Persi di vista le mie mani quando le immersi nei suoi riccioli, e mi chinai su di lui per accontentarlo, per accontentarmi. Riprendemmo a baciarci, mentre sentivo le sue mani correre avanti e indietro sulla mia schiena, quasi per non farmi andare via. Era così forte, così passionale.
Mi rialzai e mi misi in ginocchio, sempre su di lui. Gli sbottonai velocemente la camicia, e lui mi seguii sbottonandosi i polsini. Poi si mise seduto e ci baciammo di nuovo mentre si toglieva la camicia e la buttava via. Lo feci risdraiare e mi tolsi la mia camicia nera. Eravamo entrambi a petto nudo e ci demmo un altro paio di baci. Ma proprio perché avevamo le menti completamente libere facevamo tutto senza neanche il tempo di un secondo per ragionare. Non esisteva più la razionalità né il tempo stesso, ogni attimo poteva durare un secondo o un’eternità.
Ero in quello stato quando le mie mani scesero dal suo collo fino ai pantaloni. Gli sbottonai il bottone e feci scorrere la zip. Ma con la forza e con la fretta che la mancanza di ragione ci causava lo girai velocemente di schiena. Avevo intenzione di abbassargli i pantaloni e metterlo in ginocchio, ma fece tutto da solo. Quindi, nel frattempo, slacciai la cintura e mi calai i jeans.
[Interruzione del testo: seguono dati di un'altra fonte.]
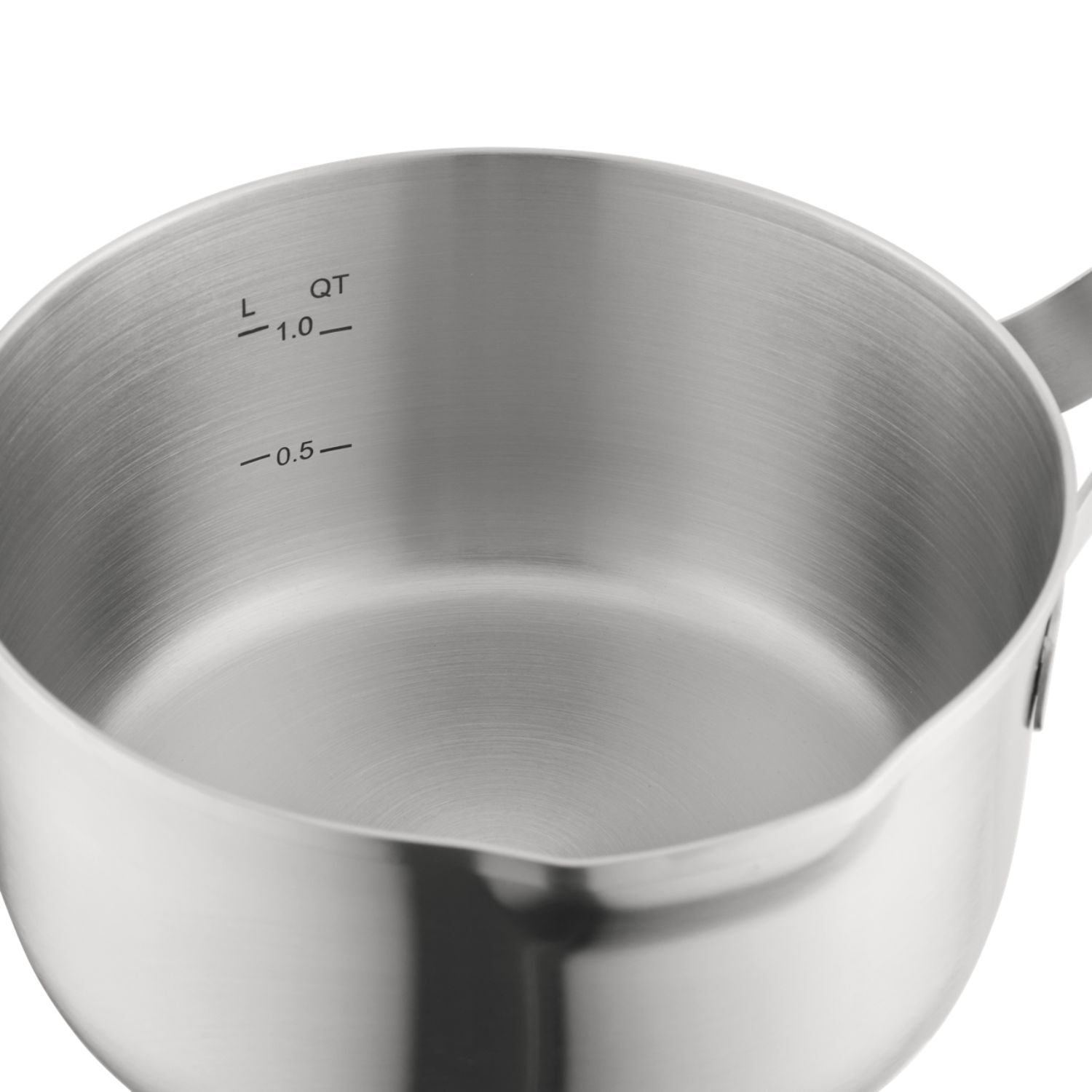 Berghoff Home Elements Kapaklı Tencere 16cm Peppercorn - 3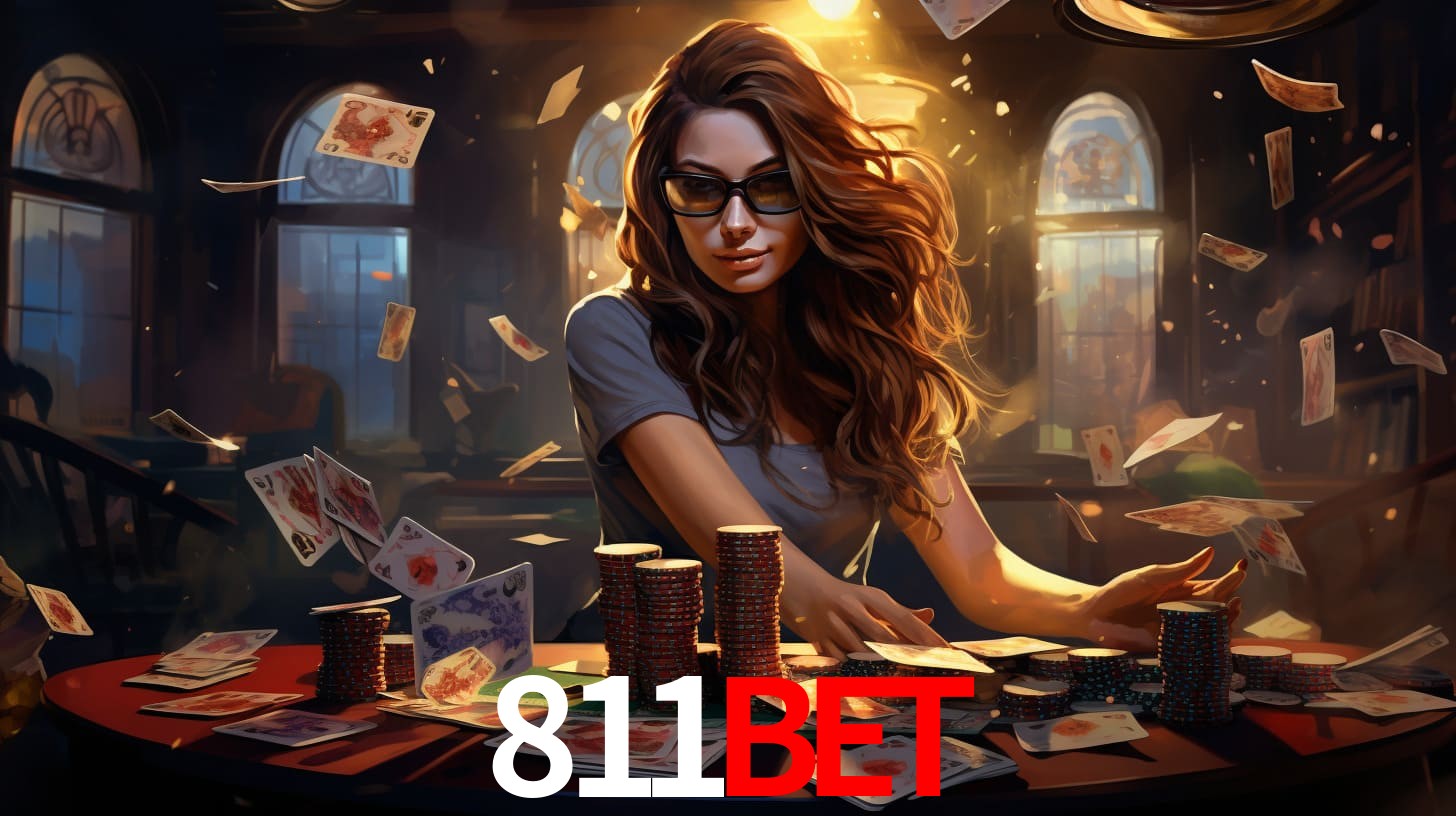 Roulette Table 811BET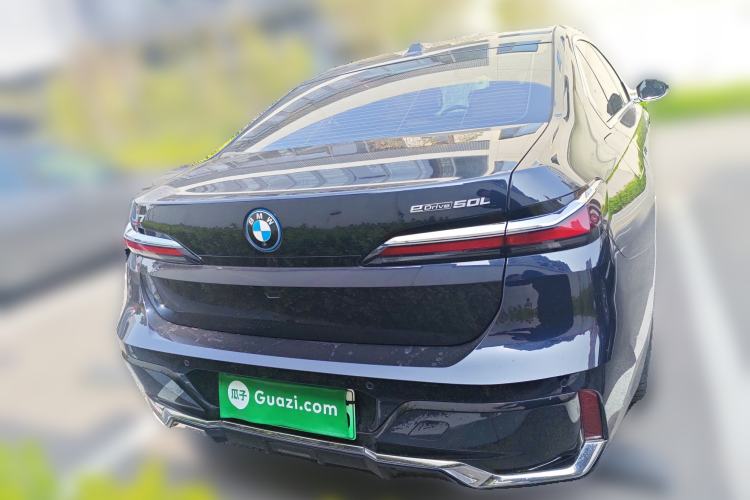 Used BMW i7 2023 eDrive50L Prestige M Sport Package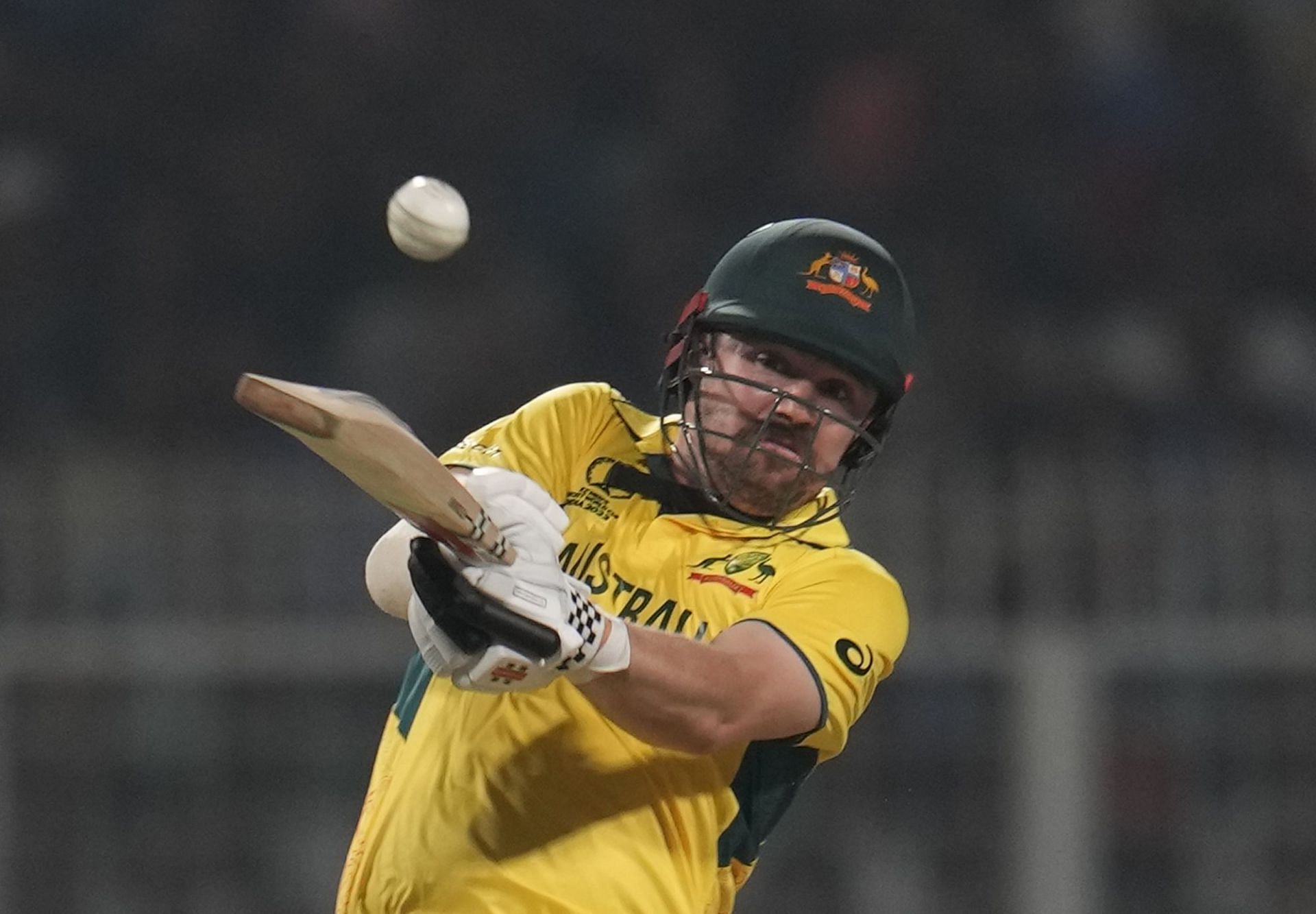 Travis Head smashed nine fours and two sixes during his 62-run knock. [P/C: AP]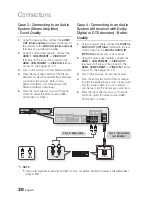 Preview for 30 page of Samsung BD-D8900A User Manual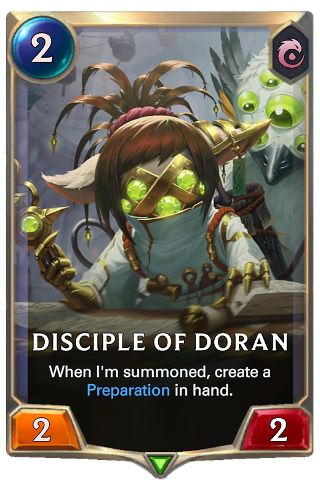 Disciple of Doran image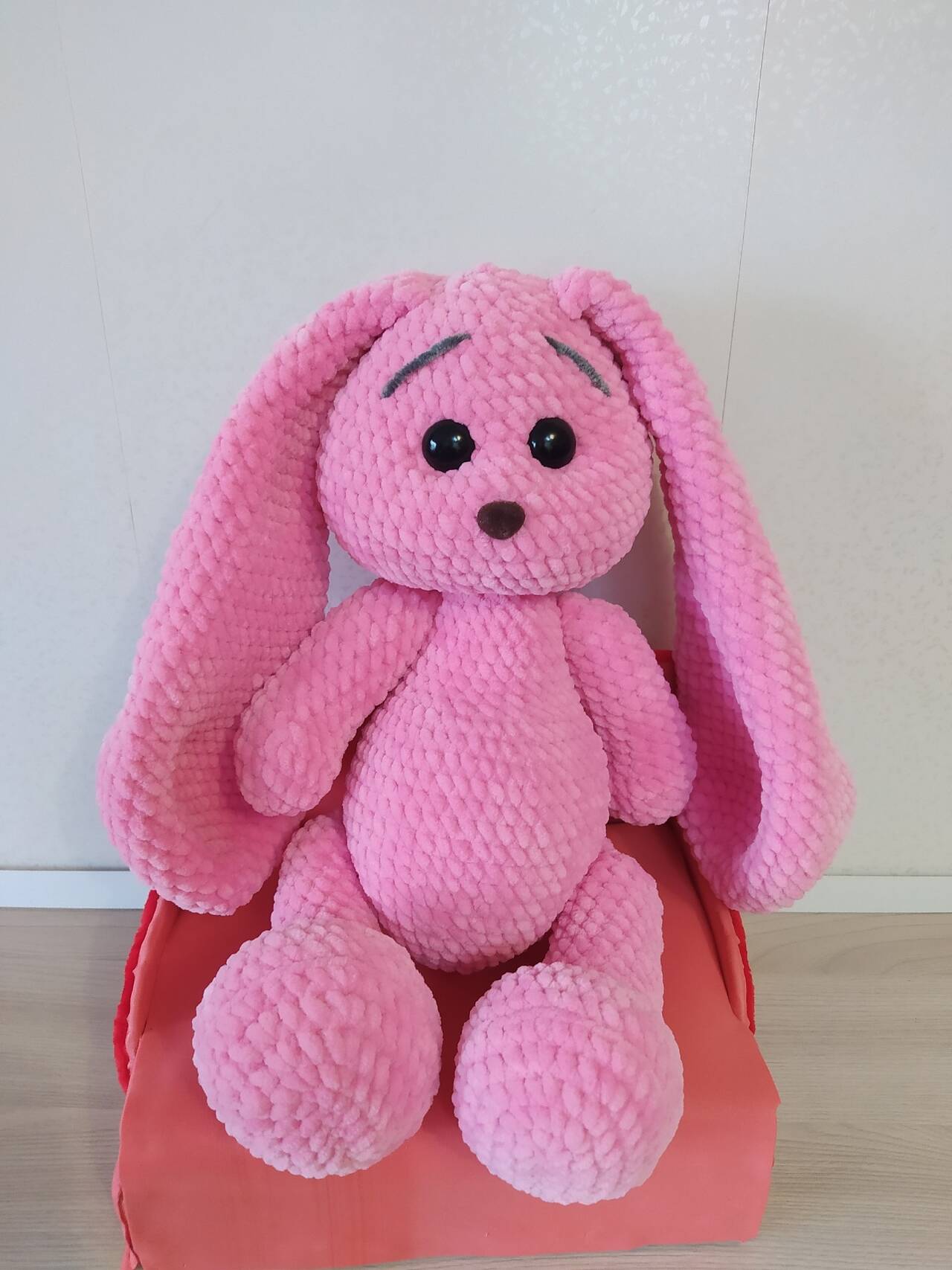 Плюшевый зайка в Перми фото 1 Личные вещи Пермь Плюшевый зайка в Перми фото 1 Личные вещи Пермь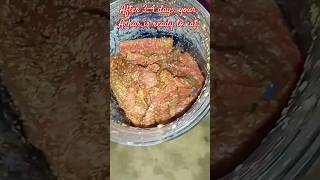 Step by step method to prepare Gajar AcharJust add 3 ingredientsBanana itna easy Without any oil [upl. by Carlson]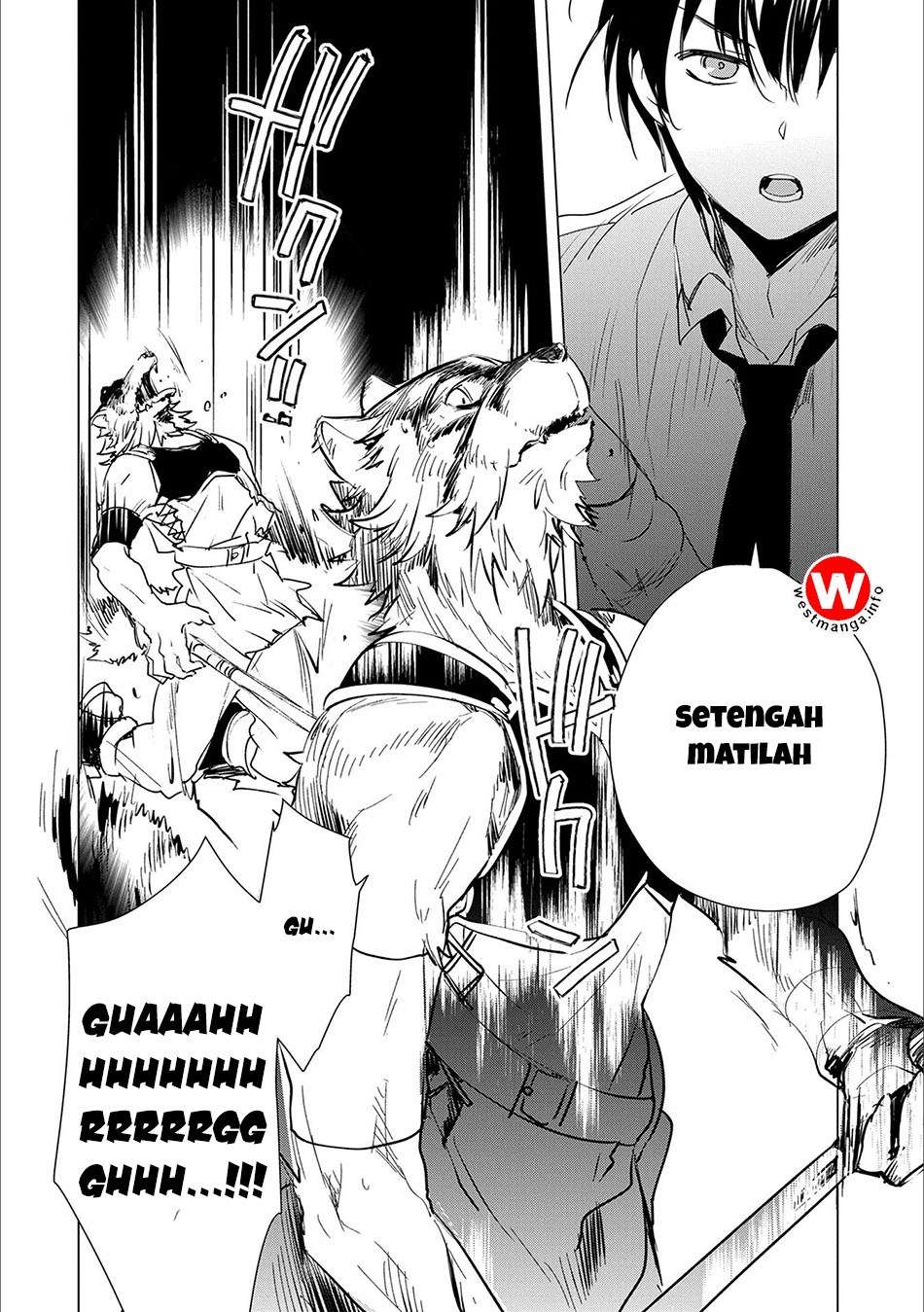 Baca  Sokushi Cheat ga Saikyou Sugite, Isekai no Yatsura ga Marude Aite ni Naranai n desu ga Chapter 4 Gambar 2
Ci sono stati momenti, nella mia vita, in cui ebbi paura di morire o soffrii per la morte di altri. Ma quella notte non m’importava più nulla. Sentivo che il mondo poteva finire in quell’istante, a me non avrebbe interessato. Ogni cosa ormai non mi toccava più. Sarei potuto morire in quell’istate. Ma non da solo, no. Saremmo dovuti morire insieme. Era quella l’unica cosa che chiedevo al mondo: nella vita, nella morte e in qualunque altro strano posto, io e lui, John Watson e Sherlock Holmes saremmo dovuti rimanere insieme, per sempre.